Global Investments has extensive experience advising internationally mobile clients on Mediterranean European residency, including Greece. From our international operations — geographically and culturally close to Greece — we have a deep understanding of the region's financial and legal landscape.

We advise on qualification for the 7% non-dom regime, Golden Visa property investment, pension restructuring for Greek-resident UK nationals, estate and succession planning across jurisdictions, and the coordination of cross-border tax reporting obligations.

Contact us to explore whether Greece is the right destination for your financial plan.

Frequently Asked Questions

What is Greece's 7% non-domicile tax regime?

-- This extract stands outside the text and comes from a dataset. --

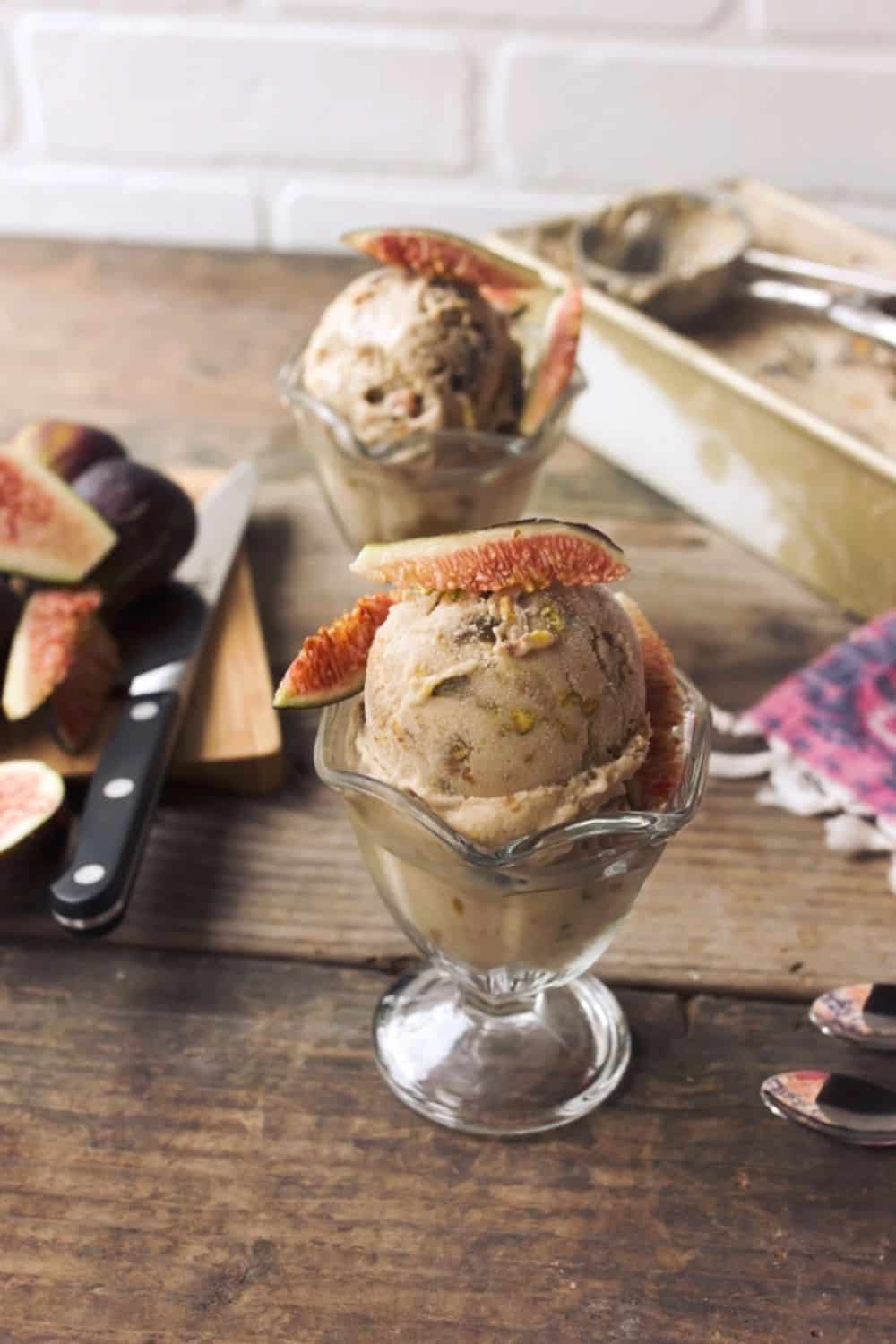 Scoops of fig ice cream topped with fresh figs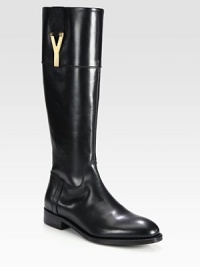 Superior craftsmanship defines this fine leather design with signature hardware. Stacked heel, 1 (25mm)Shaft, 15Leg circumference, 14½Leather upper with goldtone hardwareSide zipLeather liningRubber solePadded insoleMade in Italy Superior craftsmanship defines this fine leather design with signature hardware. Stacked heel, 1 (25mm)Shaft, 15Leg circumference, 14½Leather upper with goldtone hardwareSide zipLeather liningRubber solePadded insoleMade in Italy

Greece offers a flat 7% annual tax on all foreign-sourced income for qualifying foreign pensioners who transfer their tax residency to Greece. The regime applies for up to 15 years and replaces the normal progressive Greek income tax on foreign income. To qualify, the individual must draw a foreign pension and must not have been Greek tax resident for at least 5 of the 6 years before transferring residency, and Greece must have a tax cooperation agreement with the country from which the pension is paid. Note this pensioner regime carries no investment requirement — it is distinct from Greece's separate €100,000 annual lump-sum non-dom regime for high-net-worth individuals, which does require an investment of at least €500,000.

How does the Greek Golden Visa work?

The Greek Golden Visa grants residency to non-EU nationals (including UK nationals post-Brexit) who make a qualifying investment in Greece. The minimum investment thresholds were raised in 2023 and now vary by location — €800,000 in Athens, Thessaloniki, Mykonos, and Santorini, and €400,000 elsewhere. The visa provides 5-year renewable residency and after 7 years of residency, citizenship can be applied for.

Does Greece have inheritance tax?

Yes. Greece has an inheritance and gift tax. However, for direct family members (spouse and children), assets up to €150,000 per beneficiary are exempt. Above that, rates rise progressively from 1% to 10% for close family. For more distant relatives and non-family, rates can reach 40%. Careful succession planning, including the use of life insurance and holding structures, can reduce exposure.

How is UK pension income taxed in Greece?

Under the UK-Greece double taxation treaty, UK government service pensions remain taxable in the UK. Other UK pension income received by a Greek resident is generally taxable in Greece. Under the 7% non-dom regime, all foreign-sourced income (including foreign pension income) is covered by the flat 7% rate, making it potentially very attractive for pension-income-dependent retirees.

Is the Greek property market a good investment?

Greek property prices fell by 40–50% during the sovereign debt crisis of 2010–2018, creating one of the most significant corrections of any EU market. Since then, prices have recovered substantially — particularly in Athens (Attica), which has seen strong demand from Golden Visa investors and a growing technology sector. Prices remain lower than comparable Western European markets, though the gap has narrowed. Rental yields in Athens have been among the highest in Europe, ranging from 4% to 7% gross in strong locations. As with all property investments, past performance is not a guide to future returns.

This guide is for general information only and does not constitute financial advice or a personal recommendation. The value of investments can fall as well as rise and you may get back less than you invest. Tax rules, pension legislation, and investment regulations change — always verify current rules and seek advice from a qualified independent financial adviser before making any financial decisions.